↓↓↓

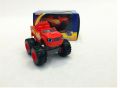 Children's Toy Car and Monster Machines Super Stunts Blaze Boys Kids Truck Car Coll Gift For Child At Birthday Christmas Gifts. 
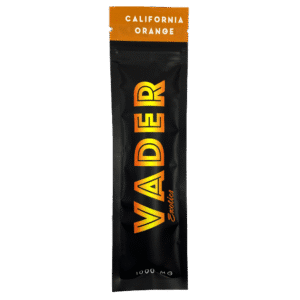 Vader THC Vape - Exotic - California Orange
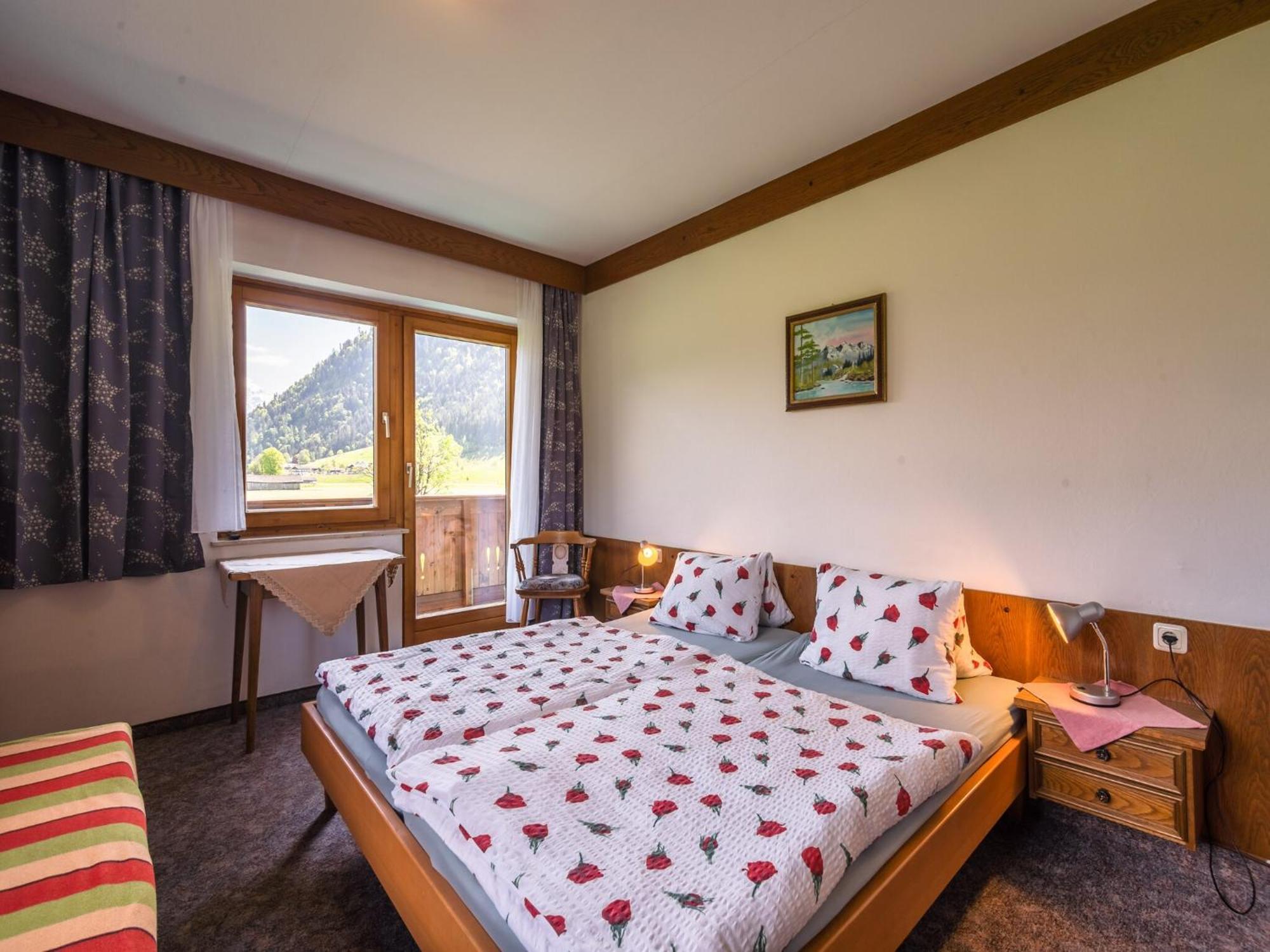 Contemporary Apartment In Maishofen Near Ski Area Екстер'єр фото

↑↑↑

## [WORK REQUIRED]
Transcribe the material above in full. No picture is to be copied.

## [EXERCISE OUTPUT]
 Children's Toy Car and Monster Machines Super Stunts Blaze Boys Kids Truck Car Coll Gift For Child At Birthday Christmas Gifts. 
 Vader THC Vape - Exotic - California Orange
 Contemporary Apartment In Maishofen Near Ski Area Екстер'єр фото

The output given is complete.